Ele me lembrava em todas as consultas que “gravidez não é doença, mas não aceita desaforo”. Não fazia milagres contras os meus enjoos e nem receitava medicamentos, só falava que era importante e necessário que eu me alimentasse a cada 2 ou 3 horas. Eu fazia isso, continuava enjoada e tomava bronca todas as vezes que subia na balança.

O Pepê sempre resolveu todas as minhas dúvidas e ia além da resposta pela resposta: ele desenhava! O receituário dele era daqueles grandões, tipo folha sulfite mesmo, para que pudesse me explicar as coisas através dos desenhos. Uma vez, me deu uma aula sobre os possíveis tipos sanguíneos dos meus filhos pela combinação do meu tipo e o do Maridinho. Tudo o que eu não aprendi nas aulas de Biologia do 1º. colegial, o Pepê desenhou pra mim durante uma consulta. Eu saia das consultas lotada de papéis: pedidos de exames, desenhos e recomendações como ir ao cinema, ao restaurante X e, é claro, acompanhar os jogos do Palmeiras.

Só que agora, tudo isso se foi. Uma pessoa querida e atenciosa, um profissional extremamente competente e uma parte da minha história como mãe. É estranho sentir tudo isso, sentir tamanha tristeza pela morte do obstetra/ginecologista, mas é exatamente assim que a situação se configurou pra mim. Uma pessoa que teve parte importante e significativa na minha vida, partiu.

Tenha a certeza do meu carinho, da minha admiração e descanse em paz, Pepê!

Dê sua opinião também » 4 já comentaram.


  • Ana Carolina Garcia dos Santos

    um abraço enorme, camilitcha. enorme.

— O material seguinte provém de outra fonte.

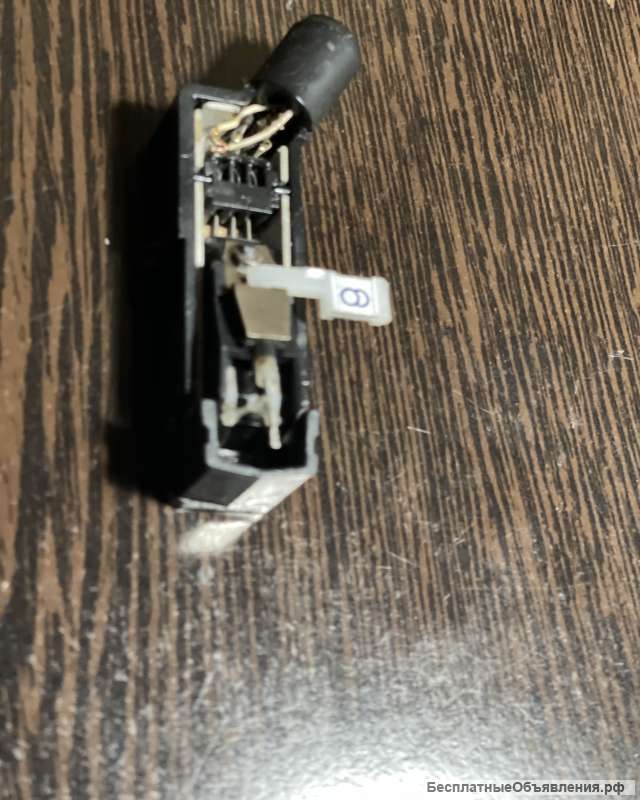 Новую алмазную иглу и звукосниматель для проигрывателя грампластинок стерео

  • http://www.facebook.com/michele.wanderlinddomingosortega Michele Wanderlind Domingos Or

    também tenho uma relação assim, íntima e de muito carinho com meu G.O… é quase como um pai/avó… não consigo ir a outro médico… você descreveu o seu, mas poderia muito bem ser o meu médico… recebe na porta,conversa sobre tudo, te deixa a vontade, faz piadas, dá bronca, dá lição de moral, te acolhe, te abraça ternamente… eu não sei como vou reagir no dia em que o meu se for, mas posso imaginar de verdade o tamanho do buraco no seu coração… e não resta nada, a não ser chorar a saudade mesmo… meu abraço bem apertado e muito carinhoso pra você…

  • Adriana Eulalia

    O meu tbm é assim, recebe na porta. Triste perdemos pessoas assim.

  • maria rita

    também agradeci e rezei por ele, filha. ele certamente será lembrado pelas milhares de coisas boas que proporcionou a tanta gente. beijo!